DIRECTIONS:
Please set down each of the lines below once more, exactly, omitting all pictures.

======== DATA SECTION

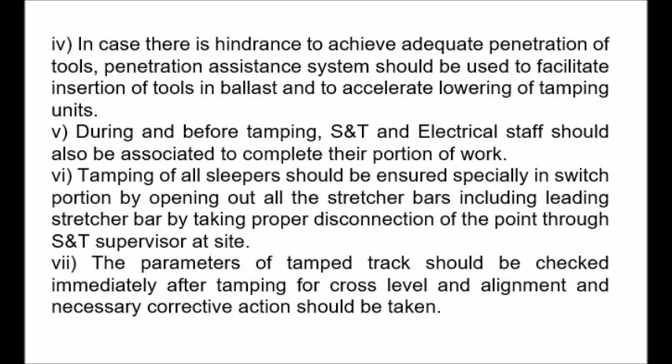5. During and before tamping, S&T and electrical staff should also be associated to complete their portion of work. 6. Tamping of all sleepers should be ensured, specially in the switch portion, by opening out all the stretcher bars including the leading stretcher bar, by taking proper disconnection of the point through the S&T supervisor at site.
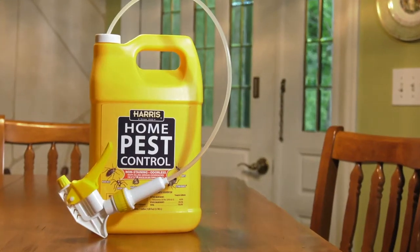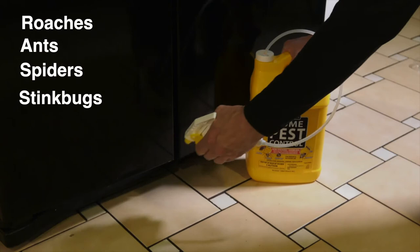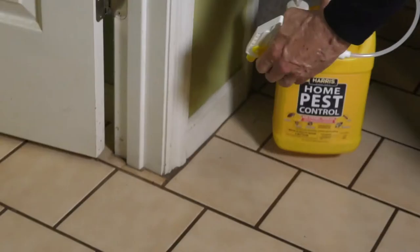As a multi-purpose home insecticide, Harris Home Pest Control kills a wide range of pests. Apply it to areas where insects have been seen and kill roaches, ants, spiders, stink bugs, fleas, mosquitoes, scorpions, flies, silverfish, and more.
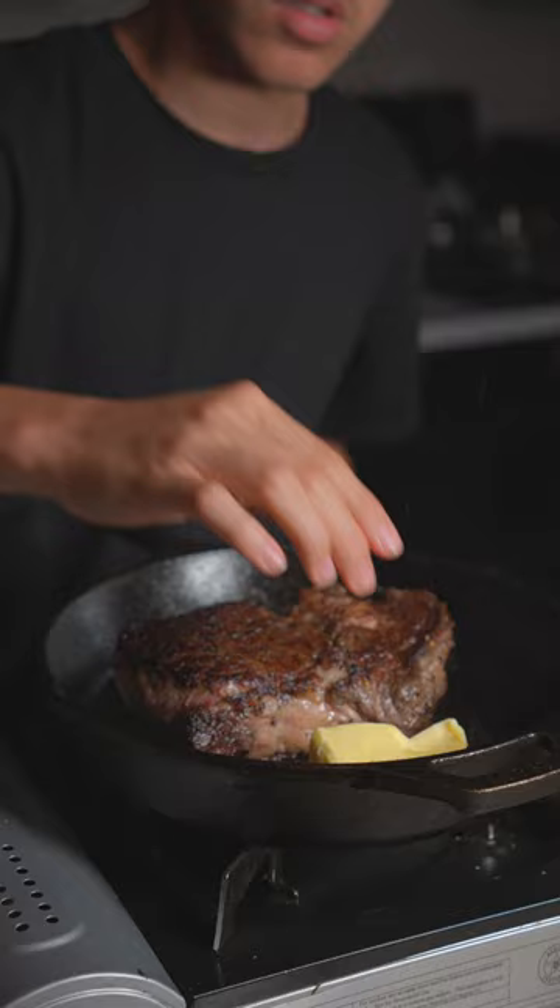Lower the heat and add a third stick of butter, fresh rosemary, fresh thyme, crushed garlic. Tilt back the pan and baste.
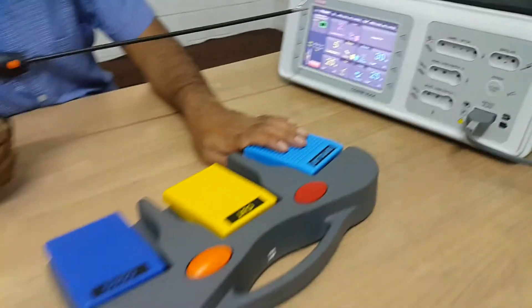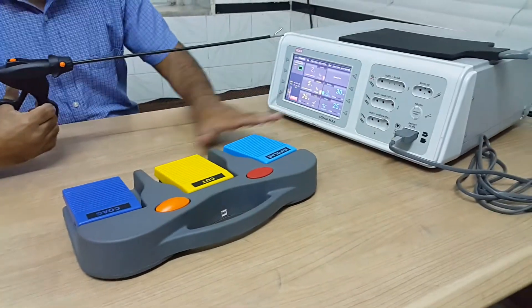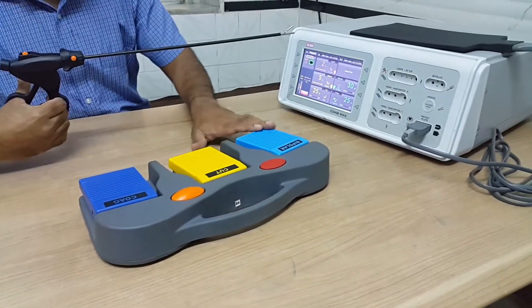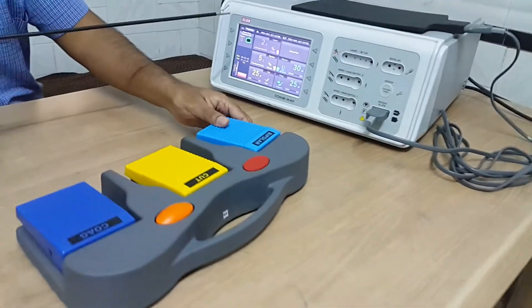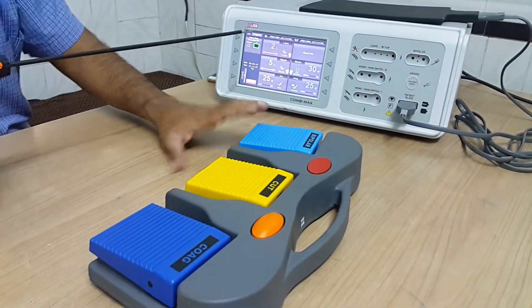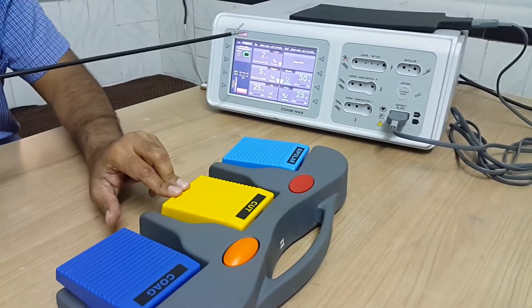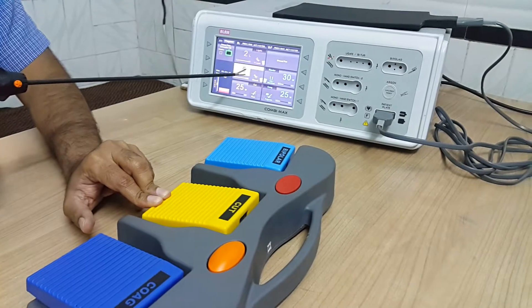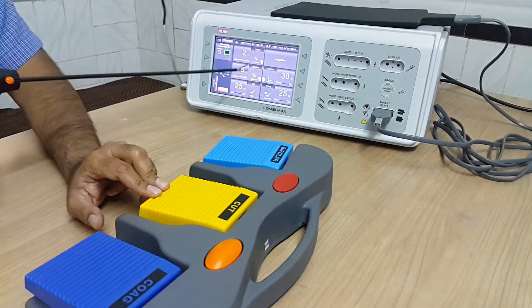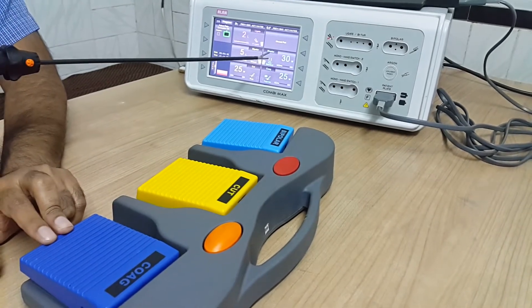This is a wireless foot switch. This foot switch can be programmed to activate all three modes. For example, I have programmed it so that pressing the first foot switch activates ligate, pressing the second activates dissect mode, and pressing the third activates simple bipolar.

================

SOLUTION TO THE PROBLEM:
5. During and before tamping, S&T and electrical staff should also be associated to complete their portion of work. 6. Tamping of all sleepers should be ensured, specially in the switch portion, by opening out all the stretcher bars including the leading stretcher bar, by taking proper disconnection of the point through the S&T supervisor at site.
As a multi-purpose home insecticide, Harris Home Pest Control kills a wide range of pests. Apply it to areas where insects have been seen and kill roaches, ants, spiders, stink bugs, fleas, mosquitoes, scorpions, flies, silverfish, and more.
Lower the heat and add a third stick of butter, fresh rosemary, fresh thyme, crushed garlic. Tilt back the pan and baste.
This is a wireless foot switch. This foot switch can be programmed to activate all three modes. For example, I have programmed it so that pressing the first foot switch activates ligate, pressing the second activates dissect mode, and pressing the third activates simple bipolar.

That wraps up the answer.